■ Exercise directions: Using the listing below, copy exactly the lines from the one containing "FICHTNER Eduard - BREYER" to the one containing "New 2026 Buick", both lines included, and no others.

■ Extracted entries:
------------------------------------------------------------------------

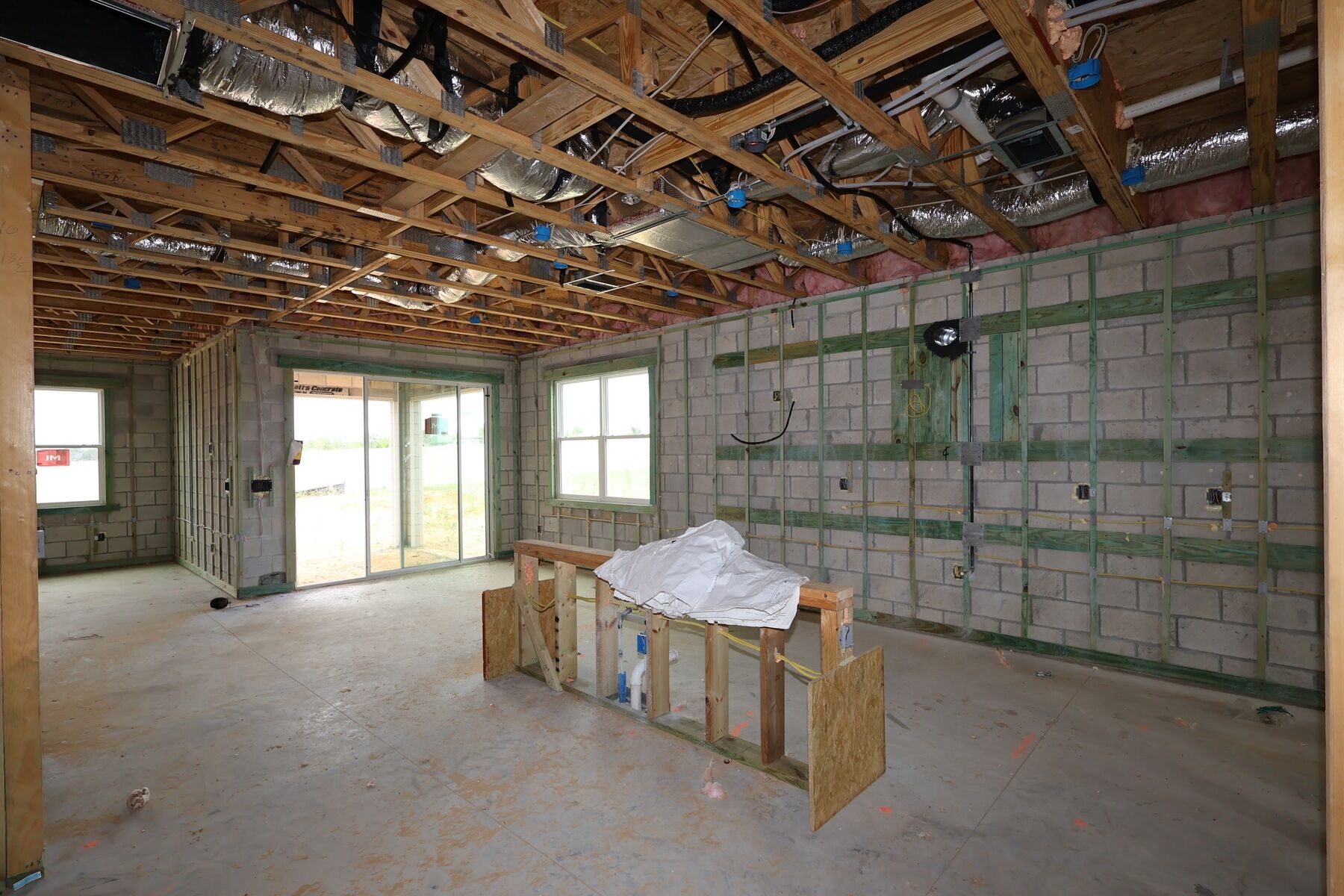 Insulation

------------------------------------------------------------------------

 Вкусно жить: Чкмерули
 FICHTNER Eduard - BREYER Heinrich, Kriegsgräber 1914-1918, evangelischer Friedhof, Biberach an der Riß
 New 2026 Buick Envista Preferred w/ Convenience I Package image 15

------------------------------------------------------------------------

■ Solved exercise:
 FICHTNER Eduard - BREYER Heinrich, Kriegsgräber 1914-1918, evangelischer Friedhof, Biberach an der Riß
 New 2026 Buick Envista Preferred w/ Convenience I Package image 15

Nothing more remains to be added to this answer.